Sejm wciąż nie zajął się uchwałami dotyczącymi sytuacji w Trybunale Konstytucyjnym, choć koalicja rządząca mówi o tym od wyborów.
"Uchwał jak nie było, tak nie ma. Najpierw słyszeliśmy, że są gotowe, potem, że koalicjanci spierają na temat ich treści. Teraz dopinane mają być ostatnie szczegóły, zaś Sejm może zająć się uchwałami na posiedzeniu w przyszłym tygodniu" – informuje "Gazeta Wyborcza".
Sejm zajmie się sytuacją w TK w przyszłym tygodniu?
Dziennik cytuje jednego z ministrów rządu Donalda Tuska, który przekonuje, że do debaty o TK ma dojść na posiedzeniu Sejmu w najbliższą środę. Posłowie KO oficjalnego terminu jednak nie znają.

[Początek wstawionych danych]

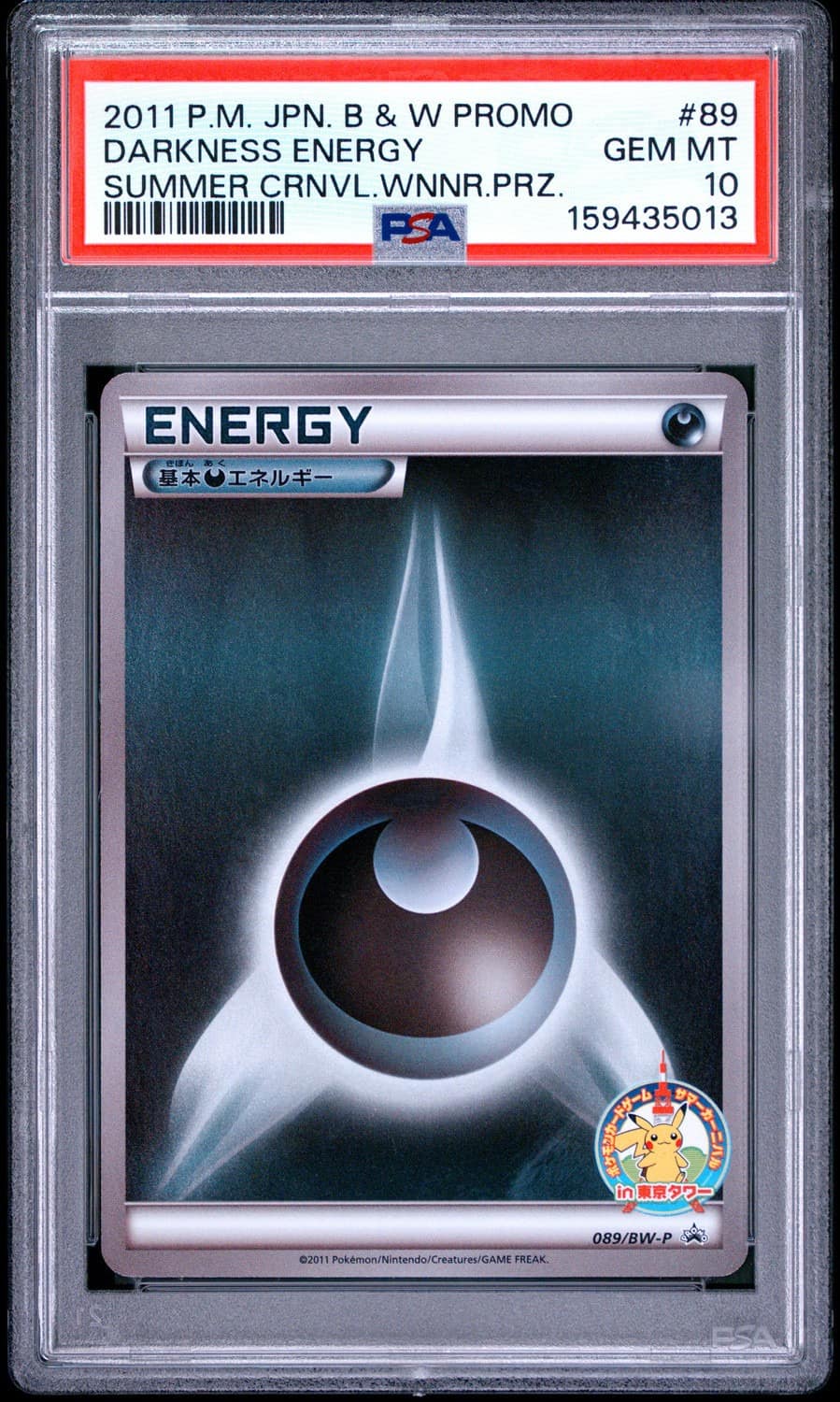 Darkness Energy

– Dostaliśmy informację, że to najbliższe posiedzenie Sejmu. Ale to są nadal przymiarki. Decyzja polityczna zapadnie po niedzieli – mówi "GW" jeden z posłów. I dodaje, że w klubie KO jest coraz więcej zniecierpliwienia.
– Proszę się nie dziwić. Przecież ekipa ministerstwa sprawiedliwości od początku roku zapowiada, że do TK wróci praworządność, że ma gotowe rozwiązania. Tymczasem mijają kolejne posiedzenia Sejmu i nic się nie dzieje – opowiada o nastrojach w klubie źródło "Wyborczej".
Inny poseł tłumaczy, że powodów zwłoki należy szukać na szczytach koalicji rządzącej. – Są cztery główne partie, cztery polityki, które należy pogodzić – przekonuje.
Zbliża się 100 dni rządu Tuska. Co z obietnicami?
Politycy KO przypominają też, że zbliża się 100 dni rządów, a w tym czasie koalicja miała wywiązać się z obietnic złożonych przez Donalda Tuska. – Wprawdzie nie rządzimy sami, ale co o naszej skuteczności ma myśleć wyborca, któremu naobiecywaliśmy szybką naprawę Trybunału? – zastanawia się jeden z posłów.
– Partie koalicji naprawdę chcą rozprawy z Trybunałem. Ale zamiast iść do przodu, stoimy w miejscu, obserwując coraz bardziej kuriozalne decyzje wychodzące z TK – żali się polityk PO.